▶ What you need to do:
Repeat the entries without change, omitting the pictures.
• • •
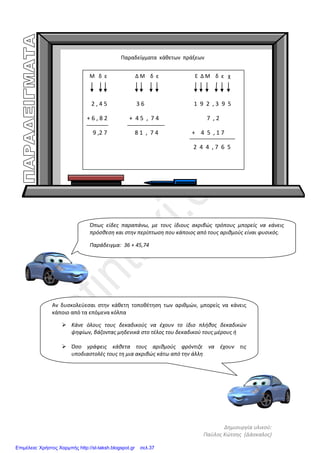 ΔΙΑΙΡΕΣΕΙΣ ΜΕ ΔΕΚΑΔΙΚΟΥΣ
120,55 12,5 45,3 22,1
1205,5 125
326,5 3,265 250 5,5 48,244 2,4
Θείε Ντόναλντ , να μην
αργήσουμε πολύ , γιατί
έχουμε εργασία με πολλές
διαιρέσεις με δεκαδικούς.
Εντάξει, ανηψούδια μου.
Η θεία σας Νταίζη κι εγώ
θα σας βοηθήσουμε, αν
δυσκολεύεστε.
Δε θυμάμαι καλά πώς
τις κάναμε στο σχολείο.
Ο διαιρέτης πρέπει οπωσδήποτε να
γίνει ακέραιος. Γι’αυτό
πολλαπλασιάζω Διαιρετέο και διαιρέτη
με 10 100 ή 1000. Ύστερα κάνω τη
διαίρεση με τους νέους αριθμούς.
120,55 . 10=1205,5 12,5 .10=125
jite
Επιμέλεια: Χρήστος Χαρμπής http://st-taksh.blogspot.gr σελ.37
 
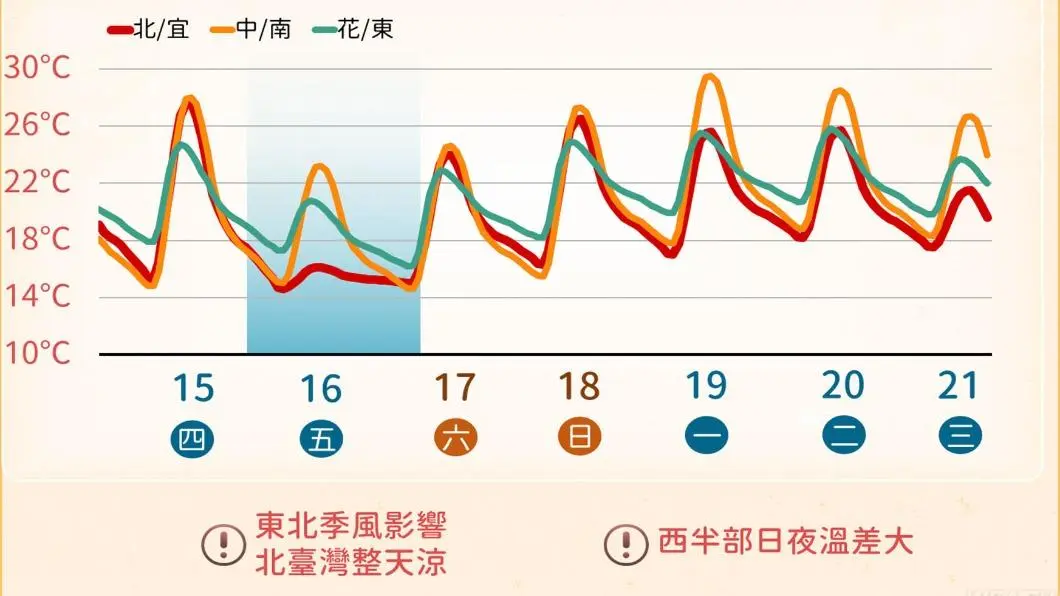 未來一週溫度趨勢。（圖／TVBS）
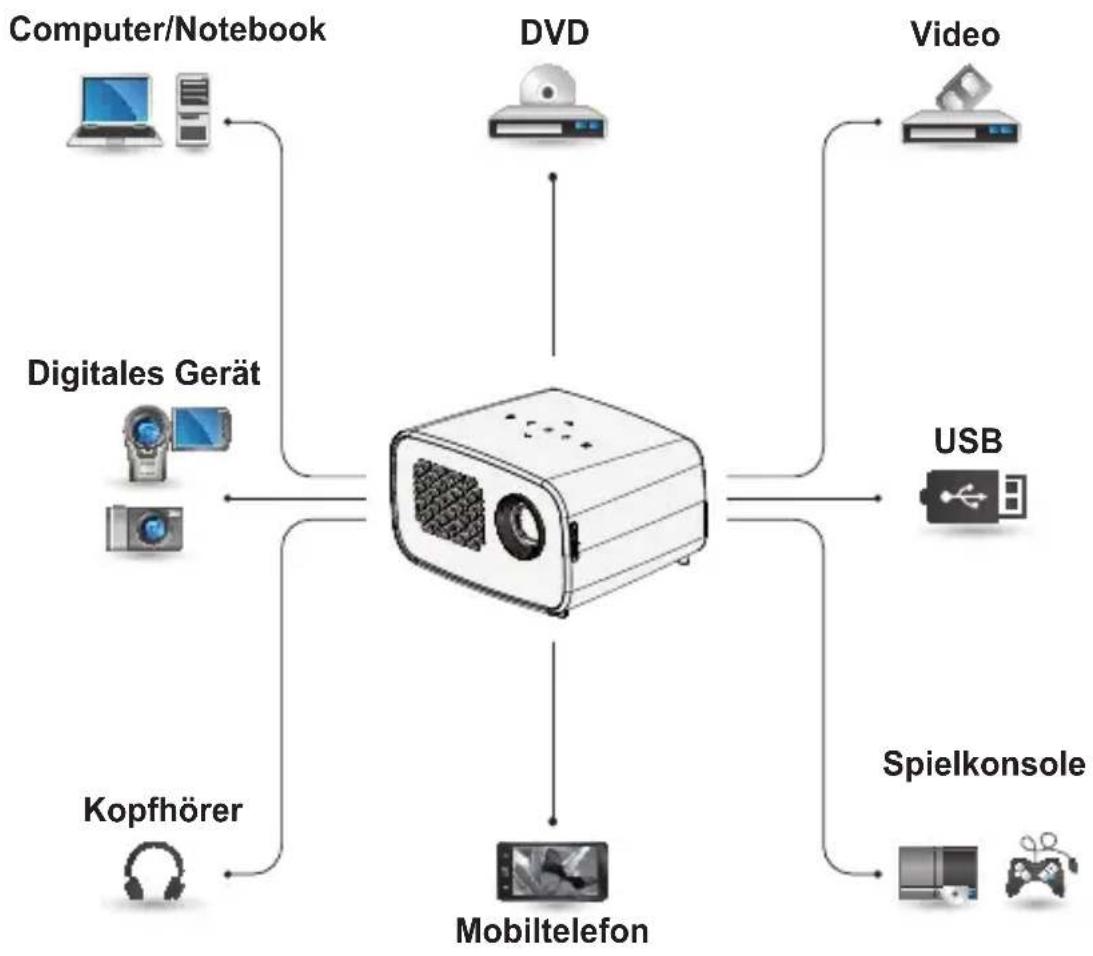 LG MiniBeam Nano PH300 - VERBINDEN EXTERNER GERÄTE - 1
• • •
▶ Task answer:
 ΔΙΑΙΡΕΣΕΙΣ ΜΕ ΔΕΚΑΔΙΚΟΥΣ
120,55 12,5 45,3 22,1
1205,5 125
326,5 3,265 250 5,5 48,244 2,4
Θείε Ντόναλντ , να μην
αργήσουμε πολύ , γιατί
έχουμε εργασία με πολλές
διαιρέσεις με δεκαδικούς.
Εντάξει, ανηψούδια μου.
Η θεία σας Νταίζη κι εγώ
θα σας βοηθήσουμε, αν
δυσκολεύεστε.
Δε θυμάμαι καλά πώς
τις κάναμε στο σχολείο.
Ο διαιρέτης πρέπει οπωσδήποτε να
γίνει ακέραιος. Γι’αυτό
πολλαπλασιάζω Διαιρετέο και διαιρέτη
με 10 100 ή 1000. Ύστερα κάνω τη
διαίρεση με τους νέους αριθμούς.
120,55 . 10=1205,5 12,5 .10=125
jite
Επιμέλεια: Χρήστος Χαρμπής http://st-taksh.blogspot.gr σελ.37
 
 未來一週溫度趨勢。（圖／TVBS）
 LG MiniBeam Nano PH300 - VERBINDEN EXTERNER GERÄTE - 1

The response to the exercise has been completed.